ANYWAYS. He is a great pup, is good at going to the bathroom outside, however he does not let us know what so ever when he has to pee, except for overnight, and has had a few incidents inside, but they have gone down drastically since the beginning. He sleeps in his crate through the night (except when he has to pee) without even being locked in, and does well at being locked in his crate when we are not home.

The big issue is with his aggression at times and eating, for starters everything I read, and every bag of food has different measurements of what to feed him. We have switched him over to merrick puppy plate, and the bag says to feed him 4-7 cups, which to me seems way way way too much. We (as of yesterday) were giving him 3/4th of a cup 3 times a day, but he always seemed so hungry after that all he would do after would be search for food, and then when you would try to play with him he would be very aggressive and irritable. So aggressive that he literally seems like he is in attack mode, and not being playful at all, and bites quite hard.. this happens often when he does not get what he wants, but more so after he eats and is still hungry. He used to inhale his food, and we purchased a slow down bowl, which helps... but I still think he eats too fast which may be part of the problem. 
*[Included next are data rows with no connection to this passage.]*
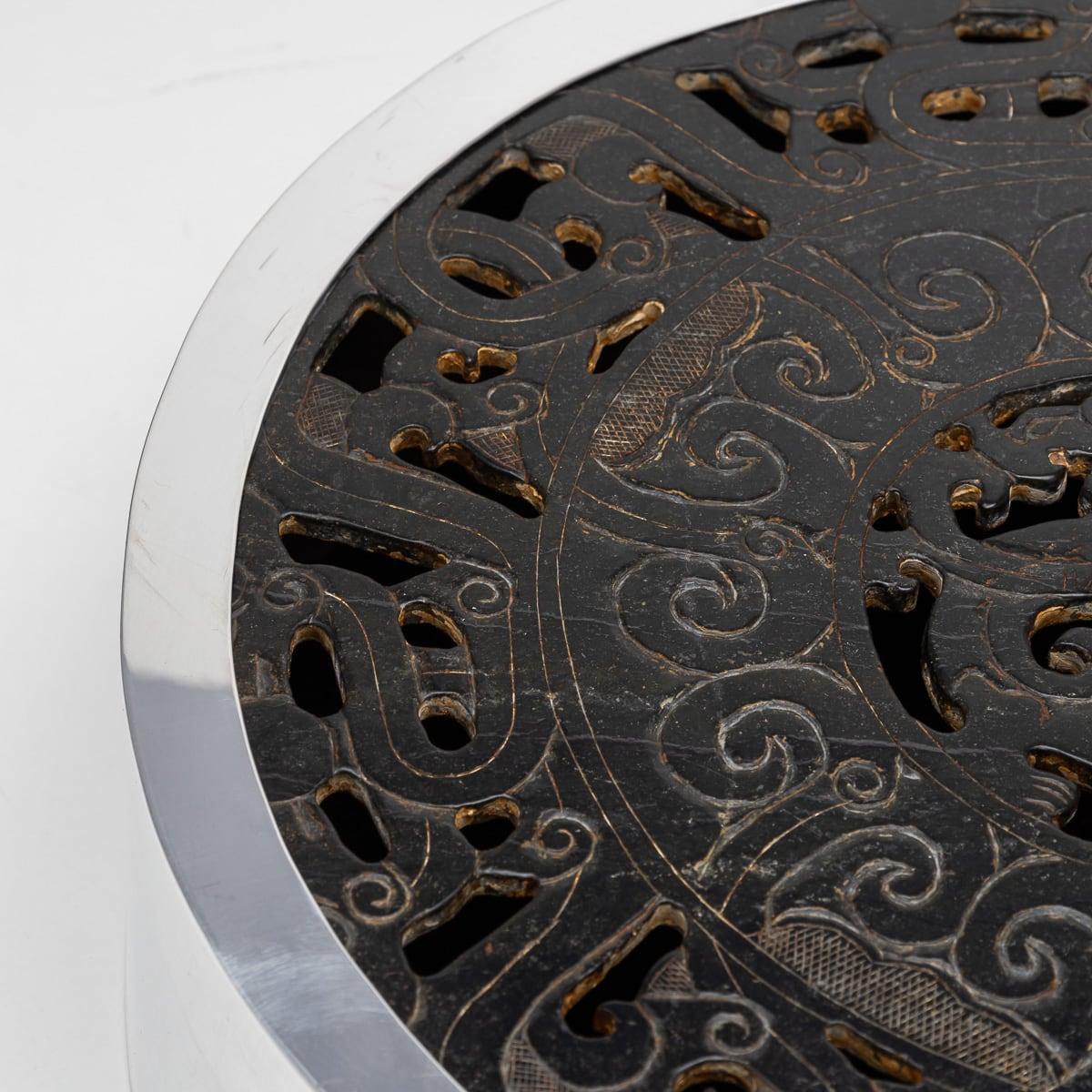 Juego de jade chino del siglo XIX en caja moderna italiana de plata maciza forrada de terciopelo en venta 5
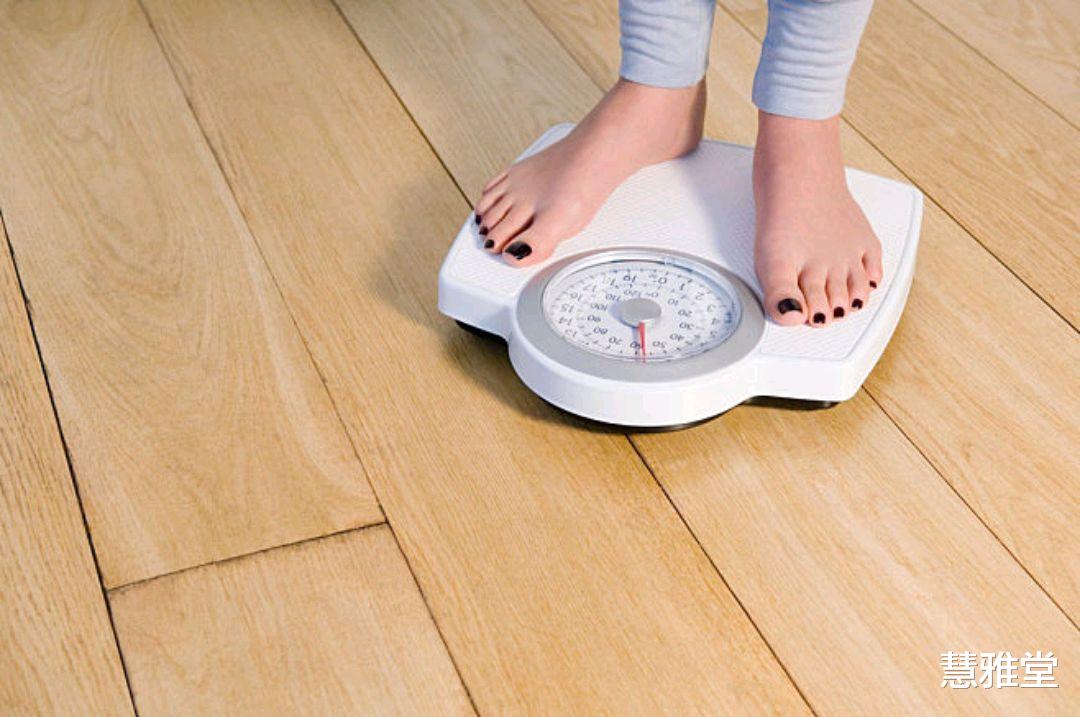 酵素|多喝水对减肥有什么作用？提醒：喝水时注意4点，或可促进减肥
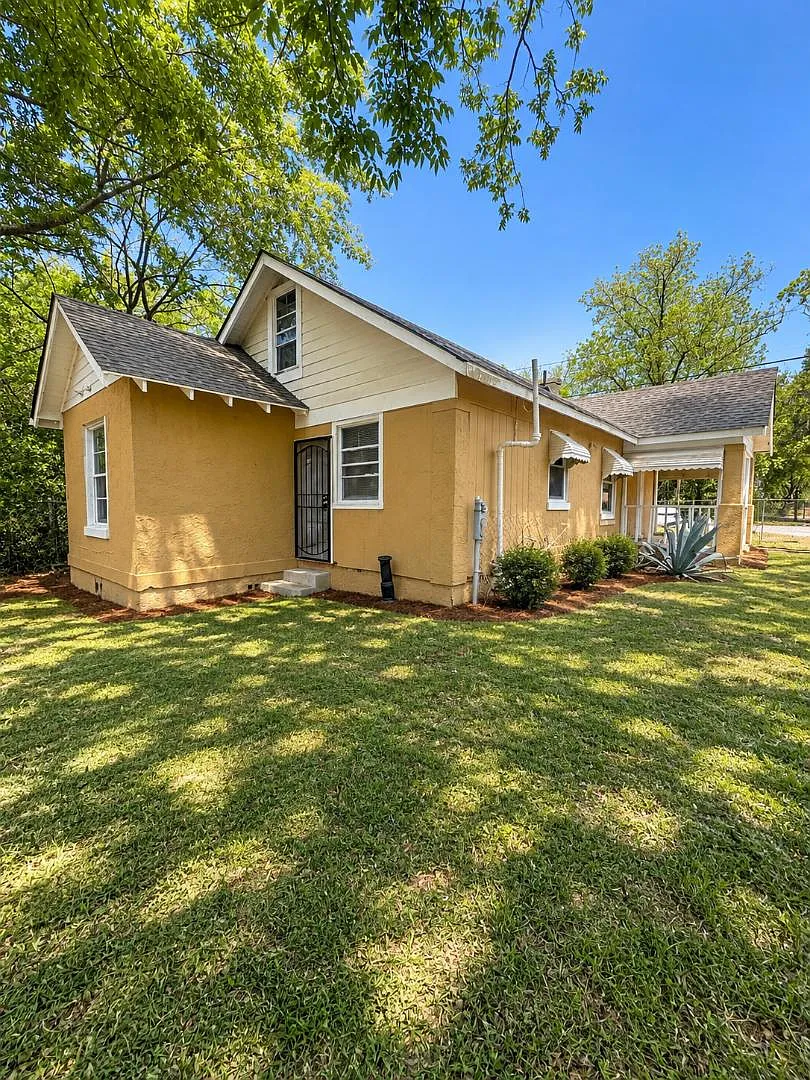 594 Grenada Terrace — Photo 2
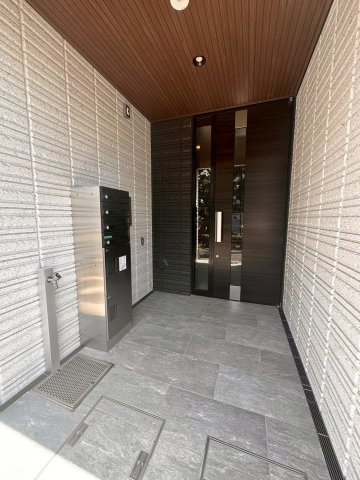 ルミエール本多のエントランス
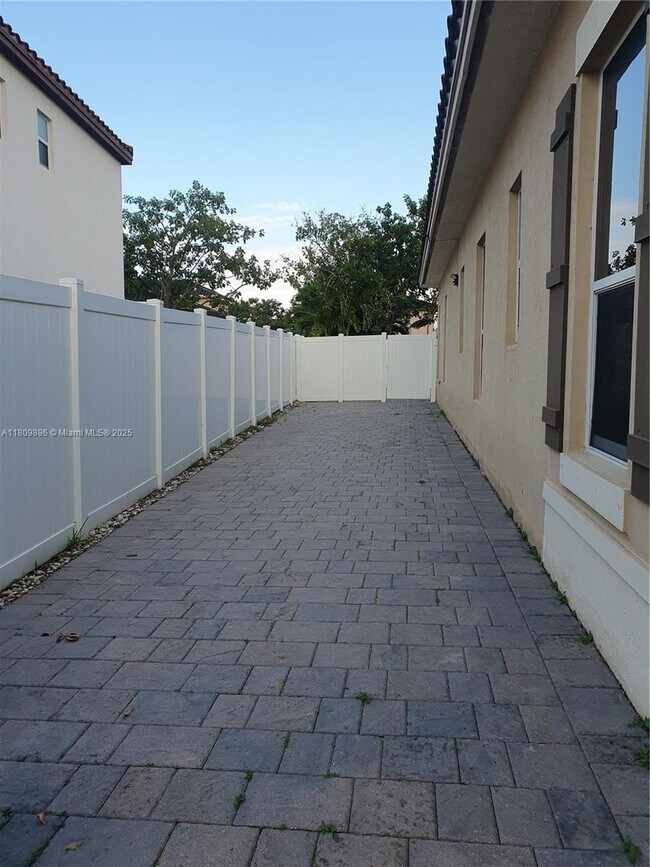 Building Photo - 9171 SW 169th Pl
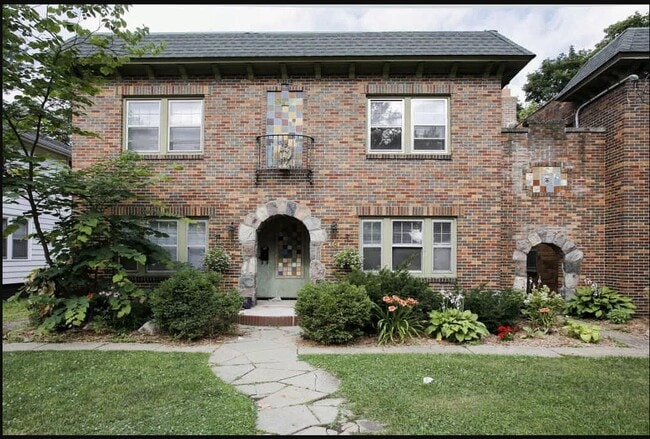 Building Photo - Beckman Unit 18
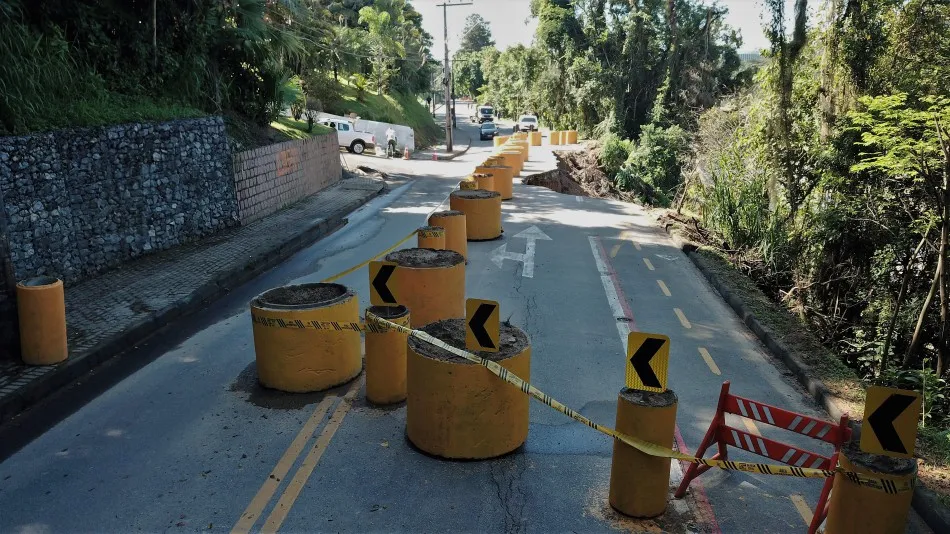 Após dois anos, deslizamento na rua Arnold Hemmer continua sem solução em Blumenau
Today I switched him to a little over 1 cup in the morning, and will do the same at night. This morning he seemed less interested in going around the house looking for food, and less aggresive.

Mainly I am wondering... How much, and how often do we feed this fella!! he certainly is getting back to a decent size, and is at about 17-18 lbs at what we think is 13 weeks. 

also any other tips on how to get him calm when he gets so rowdy and aggressive, or any general tips on how to get him to stop biting would be great ! We take him for about 3 walks at around 20-30 mins a piece to keep him up with his excercise, and also play with him in our yard from time to time.


----------



## Shell (Oct 19, 2009)

I would hand feed him his meals. A few pieces at a time. If his teeth touch your skin, you take away the hand with the kibble and let him settle back down. Ask him to sit while you feed him. Hand feeding will slow down his eating, build the bond between you, teach him some bite inhibition and teach some manners.

I'd probably feed on the low end of the bag recommendation for starters and adjust later if you notice him getting pudgy. An active and growing puppy will need a fair amount of calories for his weight compared to an adult dog.


----------



## doxiemommy (Dec 18, 2009)

How much and how often to feed depends on the food you are feeding him, and his weight. Usually the recommendation on the bag goes by how much the puppy weighs. I agree that 4-7 cups sounds like a lot for a 13 week old puppy, but I have small breeds, so my guess may be wrong.

As for him being aggressive, I doubt it's actually aggression. It sounds like he's resource guarding what food he hopes to find when he's searching around for more after he's eaten. Does that make sense? He's still hungry, and is searching around for more food and doesn't want to you to bother him.

Have you checked out the sticky "The Bite Stops Here"?


----------



## Amaryllis (Dec 28, 2011)

I agree with doxiemommy. I think he's hungry and resource guarding. I mean, I don't mind sharing my M&Ms- unless it's the only thing I've had all day, and then you can get back, grrrr!

I think he's just not getting enough food. It does take some guessing to get the right amount for each individual dog (like humans, some dogs have fast metabolisms and some dogs have slow metabolisms), so don't hesitate to change the amount if you need to, and don't worry too much about the recommendations on the bag.

"The Bite Stops Here" is a sticky at the top of this forum or the training forum that explains teaching bite inhibition.


----------



## spotted nikes (Feb 7, 2008)

3/4 cup 3 times a day is only 1 1/2 cups a day. That is too little for a larger breed growing puppy. Same for the 1 cup twice a day. I'd up it to at least 2 cups am and pm and see how that works.


----------